= WHAT IS EXPECTED =
Lines in the listing under this task are to be copied exactly.

= SUPPLIED DATA =
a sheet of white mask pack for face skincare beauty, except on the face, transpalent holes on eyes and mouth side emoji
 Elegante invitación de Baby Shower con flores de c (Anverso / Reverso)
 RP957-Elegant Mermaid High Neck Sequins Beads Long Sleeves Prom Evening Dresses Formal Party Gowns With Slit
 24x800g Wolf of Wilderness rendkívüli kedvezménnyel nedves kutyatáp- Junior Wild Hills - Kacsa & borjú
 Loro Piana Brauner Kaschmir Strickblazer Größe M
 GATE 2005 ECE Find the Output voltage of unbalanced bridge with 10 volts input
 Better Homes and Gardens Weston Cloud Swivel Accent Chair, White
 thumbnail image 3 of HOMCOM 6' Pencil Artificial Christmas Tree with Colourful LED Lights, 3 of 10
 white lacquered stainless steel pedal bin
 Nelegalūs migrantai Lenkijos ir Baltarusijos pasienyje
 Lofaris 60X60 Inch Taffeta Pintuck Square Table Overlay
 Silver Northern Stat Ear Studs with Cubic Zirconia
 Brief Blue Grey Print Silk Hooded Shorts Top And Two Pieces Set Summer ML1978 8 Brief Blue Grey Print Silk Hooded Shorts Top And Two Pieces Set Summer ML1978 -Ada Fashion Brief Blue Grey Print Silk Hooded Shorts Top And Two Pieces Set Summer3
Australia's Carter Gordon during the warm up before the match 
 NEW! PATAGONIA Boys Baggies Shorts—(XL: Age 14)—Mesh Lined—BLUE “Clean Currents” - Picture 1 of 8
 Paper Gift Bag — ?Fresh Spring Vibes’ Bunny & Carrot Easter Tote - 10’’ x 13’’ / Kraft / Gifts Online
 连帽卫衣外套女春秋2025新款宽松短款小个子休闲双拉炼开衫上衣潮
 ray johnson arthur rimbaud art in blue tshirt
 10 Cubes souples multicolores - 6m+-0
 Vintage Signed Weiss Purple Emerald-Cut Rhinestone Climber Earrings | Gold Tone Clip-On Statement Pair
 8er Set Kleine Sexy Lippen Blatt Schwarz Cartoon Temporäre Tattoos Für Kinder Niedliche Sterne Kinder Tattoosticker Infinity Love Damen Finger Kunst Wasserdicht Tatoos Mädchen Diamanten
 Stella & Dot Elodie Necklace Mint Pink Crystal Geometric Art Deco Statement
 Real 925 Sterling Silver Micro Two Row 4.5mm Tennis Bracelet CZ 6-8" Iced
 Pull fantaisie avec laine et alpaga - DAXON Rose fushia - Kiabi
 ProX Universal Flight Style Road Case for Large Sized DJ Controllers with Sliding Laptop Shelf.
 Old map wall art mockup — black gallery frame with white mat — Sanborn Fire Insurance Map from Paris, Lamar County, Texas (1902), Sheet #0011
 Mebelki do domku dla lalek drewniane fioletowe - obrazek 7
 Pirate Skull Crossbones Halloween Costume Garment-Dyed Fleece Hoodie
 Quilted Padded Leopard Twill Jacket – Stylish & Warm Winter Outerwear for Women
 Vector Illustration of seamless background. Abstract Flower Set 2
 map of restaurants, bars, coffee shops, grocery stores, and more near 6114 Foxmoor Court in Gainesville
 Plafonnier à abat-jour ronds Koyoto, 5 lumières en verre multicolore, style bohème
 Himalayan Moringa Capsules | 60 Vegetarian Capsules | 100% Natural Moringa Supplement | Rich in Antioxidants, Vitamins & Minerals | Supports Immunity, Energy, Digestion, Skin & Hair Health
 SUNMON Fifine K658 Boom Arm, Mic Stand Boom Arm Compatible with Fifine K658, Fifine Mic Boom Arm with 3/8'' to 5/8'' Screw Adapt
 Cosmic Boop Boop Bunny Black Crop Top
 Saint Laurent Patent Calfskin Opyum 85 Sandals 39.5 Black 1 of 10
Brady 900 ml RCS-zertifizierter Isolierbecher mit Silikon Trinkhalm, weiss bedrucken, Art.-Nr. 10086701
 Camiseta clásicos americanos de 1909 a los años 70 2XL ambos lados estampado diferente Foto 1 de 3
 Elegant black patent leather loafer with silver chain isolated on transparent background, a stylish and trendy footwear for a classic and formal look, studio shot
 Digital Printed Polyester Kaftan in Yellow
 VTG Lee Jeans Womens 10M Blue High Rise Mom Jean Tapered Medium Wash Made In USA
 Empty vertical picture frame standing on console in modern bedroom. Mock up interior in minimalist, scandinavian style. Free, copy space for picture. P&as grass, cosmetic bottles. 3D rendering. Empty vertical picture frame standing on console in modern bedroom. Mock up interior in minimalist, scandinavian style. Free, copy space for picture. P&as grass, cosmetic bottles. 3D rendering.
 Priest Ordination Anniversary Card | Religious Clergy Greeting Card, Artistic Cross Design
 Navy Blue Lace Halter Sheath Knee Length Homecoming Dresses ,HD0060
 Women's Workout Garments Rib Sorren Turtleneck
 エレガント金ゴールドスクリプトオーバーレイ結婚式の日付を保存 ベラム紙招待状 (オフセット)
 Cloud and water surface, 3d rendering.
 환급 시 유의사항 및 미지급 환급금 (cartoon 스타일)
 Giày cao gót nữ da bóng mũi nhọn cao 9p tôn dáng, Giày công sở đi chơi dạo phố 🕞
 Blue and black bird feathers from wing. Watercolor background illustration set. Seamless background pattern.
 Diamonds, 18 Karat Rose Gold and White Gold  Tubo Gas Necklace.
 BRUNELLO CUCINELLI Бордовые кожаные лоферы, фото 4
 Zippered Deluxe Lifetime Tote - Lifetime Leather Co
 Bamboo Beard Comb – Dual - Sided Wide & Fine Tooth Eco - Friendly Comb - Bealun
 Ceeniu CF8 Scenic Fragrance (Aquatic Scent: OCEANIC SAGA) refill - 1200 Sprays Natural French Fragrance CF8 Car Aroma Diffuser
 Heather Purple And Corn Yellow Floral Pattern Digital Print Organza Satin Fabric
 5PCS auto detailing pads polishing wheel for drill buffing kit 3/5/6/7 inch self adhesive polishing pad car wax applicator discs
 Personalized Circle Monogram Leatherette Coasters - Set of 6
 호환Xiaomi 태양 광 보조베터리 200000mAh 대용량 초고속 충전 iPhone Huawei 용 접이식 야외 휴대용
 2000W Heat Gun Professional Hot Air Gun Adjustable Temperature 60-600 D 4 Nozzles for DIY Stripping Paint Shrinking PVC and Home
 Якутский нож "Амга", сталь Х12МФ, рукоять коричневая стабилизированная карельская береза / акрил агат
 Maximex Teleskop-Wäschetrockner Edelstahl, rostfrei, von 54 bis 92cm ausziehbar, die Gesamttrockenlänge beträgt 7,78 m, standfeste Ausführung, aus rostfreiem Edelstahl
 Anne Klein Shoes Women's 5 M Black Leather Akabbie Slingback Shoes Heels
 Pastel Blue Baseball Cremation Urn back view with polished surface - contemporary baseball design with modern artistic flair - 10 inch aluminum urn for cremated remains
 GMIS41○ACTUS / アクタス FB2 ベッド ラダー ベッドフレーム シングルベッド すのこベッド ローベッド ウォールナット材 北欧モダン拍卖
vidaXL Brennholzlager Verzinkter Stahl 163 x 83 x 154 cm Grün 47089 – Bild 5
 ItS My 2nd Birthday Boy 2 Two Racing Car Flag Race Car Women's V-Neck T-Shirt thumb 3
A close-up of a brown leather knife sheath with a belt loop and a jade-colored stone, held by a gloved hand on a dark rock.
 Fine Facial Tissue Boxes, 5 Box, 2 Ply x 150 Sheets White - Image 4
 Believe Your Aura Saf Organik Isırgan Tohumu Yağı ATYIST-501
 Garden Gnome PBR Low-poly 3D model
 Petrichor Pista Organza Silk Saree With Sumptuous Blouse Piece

= TASK SOLUTION =
a sheet of white mask pack for face skincare beauty, except on the face, transpalent holes on eyes and mouth side emoji
 Elegante invitación de Baby Shower con flores de c (Anverso / Reverso)
 RP957-Elegant Mermaid High Neck Sequins Beads Long Sleeves Prom Evening Dresses Formal Party Gowns With Slit
 24x800g Wolf of Wilderness rendkívüli kedvezménnyel nedves kutyatáp- Junior Wild Hills - Kacsa & borjú
 Loro Piana Brauner Kaschmir Strickblazer Größe M
 GATE 2005 ECE Find the Output voltage of unbalanced bridge with 10 volts input
 Better Homes and Gardens Weston Cloud Swivel Accent Chair, White
 thumbnail image 3 of HOMCOM 6' Pencil Artificial Christmas Tree with Colourful LED Lights, 3 of 10
 white lacquered stainless steel pedal bin
 Nelegalūs migrantai Lenkijos ir Baltarusijos pasienyje
 Lofaris 60X60 Inch Taffeta Pintuck Square Table Overlay
 Silver Northern Stat Ear Studs with Cubic Zirconia
 Brief Blue Grey Print Silk Hooded Shorts Top And Two Pieces Set Summer ML1978 8 Brief Blue Grey Print Silk Hooded Shorts Top And Two Pieces Set Summer ML1978 -Ada Fashion Brief Blue Grey Print Silk Hooded Shorts Top And Two Pieces Set Summer3
Australia's Carter Gordon during the warm up before the match 
 NEW! PATAGONIA Boys Baggies Shorts—(XL: Age 14)—Mesh Lined—BLUE “Clean Currents” - Picture 1 of 8
 Paper Gift Bag — ?Fresh Spring Vibes’ Bunny & Carrot Easter Tote - 10’’ x 13’’ / Kraft / Gifts Online
 连帽卫衣外套女春秋2025新款宽松短款小个子休闲双拉炼开衫上衣潮
 ray johnson arthur rimbaud art in blue tshirt
 10 Cubes souples multicolores - 6m+-0
 Vintage Signed Weiss Purple Emerald-Cut Rhinestone Climber Earrings | Gold Tone Clip-On Statement Pair
 8er Set Kleine Sexy Lippen Blatt Schwarz Cartoon Temporäre Tattoos Für Kinder Niedliche Sterne Kinder Tattoosticker Infinity Love Damen Finger Kunst Wasserdicht Tatoos Mädchen Diamanten
 Stella & Dot Elodie Necklace Mint Pink Crystal Geometric Art Deco Statement
 Real 925 Sterling Silver Micro Two Row 4.5mm Tennis Bracelet CZ 6-8" Iced
 Pull fantaisie avec laine et alpaga - DAXON Rose fushia - Kiabi
 ProX Universal Flight Style Road Case for Large Sized DJ Controllers with Sliding Laptop Shelf.
 Old map wall art mockup — black gallery frame with white mat — Sanborn Fire Insurance Map from Paris, Lamar County, Texas (1902), Sheet #0011
 Mebelki do domku dla lalek drewniane fioletowe - obrazek 7
 Pirate Skull Crossbones Halloween Costume Garment-Dyed Fleece Hoodie
 Quilted Padded Leopard Twill Jacket – Stylish & Warm Winter Outerwear for Women
 Vector Illustration of seamless background. Abstract Flower Set 2
 map of restaurants, bars, coffee shops, grocery stores, and more near 6114 Foxmoor Court in Gainesville
 Plafonnier à abat-jour ronds Koyoto, 5 lumières en verre multicolore, style bohème
 Himalayan Moringa Capsules | 60 Vegetarian Capsules | 100% Natural Moringa Supplement | Rich in Antioxidants, Vitamins & Minerals | Supports Immunity, Energy, Digestion, Skin & Hair Health
 SUNMON Fifine K658 Boom Arm, Mic Stand Boom Arm Compatible with Fifine K658, Fifine Mic Boom Arm with 3/8'' to 5/8'' Screw Adapt
 Cosmic Boop Boop Bunny Black Crop Top
 Saint Laurent Patent Calfskin Opyum 85 Sandals 39.5 Black 1 of 10
Brady 900 ml RCS-zertifizierter Isolierbecher mit Silikon Trinkhalm, weiss bedrucken, Art.-Nr. 10086701
 Camiseta clásicos americanos de 1909 a los años 70 2XL ambos lados estampado diferente Foto 1 de 3
 Elegant black patent leather loafer with silver chain isolated on transparent background, a stylish and trendy footwear for a classic and formal look, studio shot
 Digital Printed Polyester Kaftan in Yellow
 VTG Lee Jeans Womens 10M Blue High Rise Mom Jean Tapered Medium Wash Made In USA
 Empty vertical picture frame standing on console in modern bedroom. Mock up interior in minimalist, scandinavian style. Free, copy space for picture. P&as grass, cosmetic bottles. 3D rendering. Empty vertical picture frame standing on console in modern bedroom. Mock up interior in minimalist, scandinavian style. Free, copy space for picture. P&as grass, cosmetic bottles. 3D rendering.
 Priest Ordination Anniversary Card | Religious Clergy Greeting Card, Artistic Cross Design
 Navy Blue Lace Halter Sheath Knee Length Homecoming Dresses ,HD0060
 Women's Workout Garments Rib Sorren Turtleneck
 エレガント金ゴールドスクリプトオーバーレイ結婚式の日付を保存 ベラム紙招待状 (オフセット)
 Cloud and water surface, 3d rendering.
 환급 시 유의사항 및 미지급 환급금 (cartoon 스타일)
 Giày cao gót nữ da bóng mũi nhọn cao 9p tôn dáng, Giày công sở đi chơi dạo phố 🕞
 Blue and black bird feathers from wing. Watercolor background illustration set. Seamless background pattern.
 Diamonds, 18 Karat Rose Gold and White Gold  Tubo Gas Necklace.
 BRUNELLO CUCINELLI Бордовые кожаные лоферы, фото 4
 Zippered Deluxe Lifetime Tote - Lifetime Leather Co
 Bamboo Beard Comb – Dual - Sided Wide & Fine Tooth Eco - Friendly Comb - Bealun
 Ceeniu CF8 Scenic Fragrance (Aquatic Scent: OCEANIC SAGA) refill - 1200 Sprays Natural French Fragrance CF8 Car Aroma Diffuser
 Heather Purple And Corn Yellow Floral Pattern Digital Print Organza Satin Fabric
 5PCS auto detailing pads polishing wheel for drill buffing kit 3/5/6/7 inch self adhesive polishing pad car wax applicator discs
 Personalized Circle Monogram Leatherette Coasters - Set of 6
 호환Xiaomi 태양 광 보조베터리 200000mAh 대용량 초고속 충전 iPhone Huawei 용 접이식 야외 휴대용
 2000W Heat Gun Professional Hot Air Gun Adjustable Temperature 60-600 D 4 Nozzles for DIY Stripping Paint Shrinking PVC and Home
 Якутский нож "Амга", сталь Х12МФ, рукоять коричневая стабилизированная карельская береза / акрил агат
 Maximex Teleskop-Wäschetrockner Edelstahl, rostfrei, von 54 bis 92cm ausziehbar, die Gesamttrockenlänge beträgt 7,78 m, standfeste Ausführung, aus rostfreiem Edelstahl
 Anne Klein Shoes Women's 5 M Black Leather Akabbie Slingback Shoes Heels
 Pastel Blue Baseball Cremation Urn back view with polished surface - contemporary baseball design with modern artistic flair - 10 inch aluminum urn for cremated remains
 GMIS41○ACTUS / アクタス FB2 ベッド ラダー ベッドフレーム シングルベッド すのこベッド ローベッド ウォールナット材 北欧モダン拍卖
vidaXL Brennholzlager Verzinkter Stahl 163 x 83 x 154 cm Grün 47089 – Bild 5
 ItS My 2nd Birthday Boy 2 Two Racing Car Flag Race Car Women's V-Neck T-Shirt thumb 3
A close-up of a brown leather knife sheath with a belt loop and a jade-colored stone, held by a gloved hand on a dark rock.
 Fine Facial Tissue Boxes, 5 Box, 2 Ply x 150 Sheets White - Image 4
 Believe Your Aura Saf Organik Isırgan Tohumu Yağı ATYIST-501
 Garden Gnome PBR Low-poly 3D model
 Petrichor Pista Organza Silk Saree With Sumptuous Blouse Piece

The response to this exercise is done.